Among
the guests were Gustave Planche, Jules Sandeau, and Balzac. During the
meal the conversation, after many assaults of wit and mirth, fell on
the necessity of defending writers against the piracy and mutilation
of their books in foreign countries, more especially in Belgium. All
expressed their opinion energetically, young Bergounioux like the
rest, he happening to class himself with his fellows in the words--_we
men of letters_. At the conclusion of his little speech, Balzac
uttered a guffaw: "You, sir, a man of letters! What pretension! What
presumption! You! compare yourself to us! Really, sir, you forget that
you have the honour to be sitting here with the marshals of modern
literature."
This exhibition and others similar were natural to the man. He could
not help them.
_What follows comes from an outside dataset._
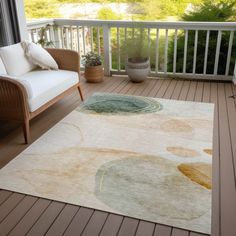 a large rug on a wooden deck near a couch and chair with potted plants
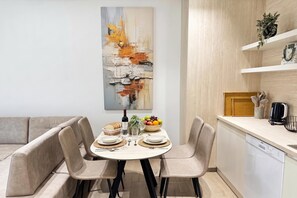 A modern dining area with a round table, four chairs, a fruit bowl, and a wine bottle. - La Dimora Azzurra 601, Vlore, Albania (Vlore)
It was impossible for him not to be continually
proclaiming his own greatness. "Don't tax me with littleness," he said
in one of his letters to Delphine Gay, in which he justified his
breaking with her husband. "I think myself too great to be offended by
any one."
The domestic troubles alluded to above, which were worrying Balzac in
1834, had partly to do with his brother Henry, a sort of ne'er-do-well,
who had been out to the Indies and had returned with an undesirable
wife, and prospects--or rather the lack of them--that made him a
burden to the other members of the family.